Residents offer ideas, new and old, at hearing (July 17, 2009)

By Dave Dyer

Staff Writer


A proposed land swap agreement of a small strip of land in Pine Point has become the scourge of an entire area.

Pine Point residents jammed into council chambers during the Scarborough Town Council meeting Wednesday night speaking their minds far into the evening. Residents spoke of a swapping land abutting the Lighthouse Motel on Depot Street at the end of Pine Point Road with the town to give better access to the beach.

 According to drawings presented at the meeting, the town currently owns a corridor directly abutting the motel building, extending to the water mark on Pine Point Beach. The corridor is also sandwiched by property owned by Peter and Nicholas Truman, who own the Lighthouse Motel. The Trumans also own another piece of land on the other side of the corridor, which again leads to the beach.
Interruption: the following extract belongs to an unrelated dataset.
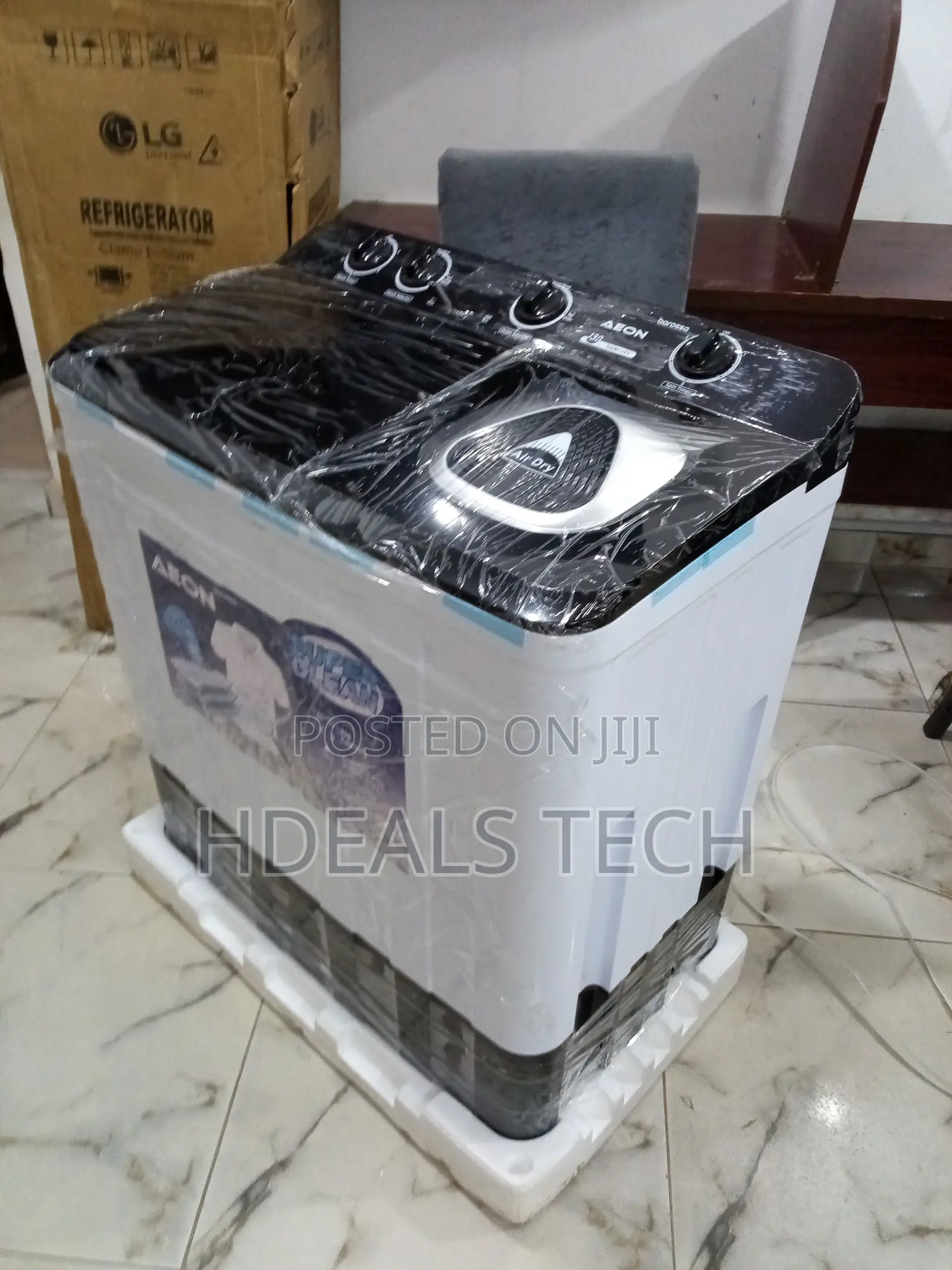 Aeon 13kg Washer- Space Saving Twin Tub Design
The proposed concept of the land swap would involve widening the corridor, giving better access for residents toward the beach, as well as eliminating 300 feet of Pine Point Road, with the town owning the right of way to the beach.

In a June 19 Scarborough Leader story, Town Manager Tom Hall said the plan made sense for both the Trumans and the town.
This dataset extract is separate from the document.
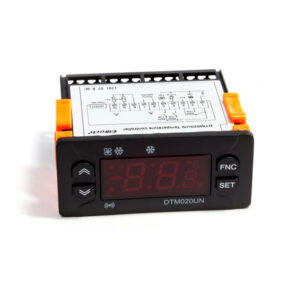 TERMOSTATO DIGITALE 2 SONDE -50 + 99 GRAD ETC974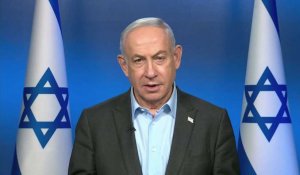 Netanyahu exclut tout cessez-le-feu à Gaza avant "l'élimination" du Hamas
“It would enable us to build a drop-off area and enhance access to the beach,” Hall said. “It’s a less than perfect situation but it makes a lot of sense for [the Trumans] to make their own lots contiguous.”

Pine Point residents responded during the public hearing with their own proposal for Depot Street. John Thurlow, legal counsel to the Pine Point Residents Association, suggested “cutting” the current parking strip on Depot Street, making a large portion of the strip closest to the beach set in front of the motel on the other side of Depot Street, as a way to broaden the street. The other half of the parking strip would remain closed to the opening of the street, next to Pine Point Road.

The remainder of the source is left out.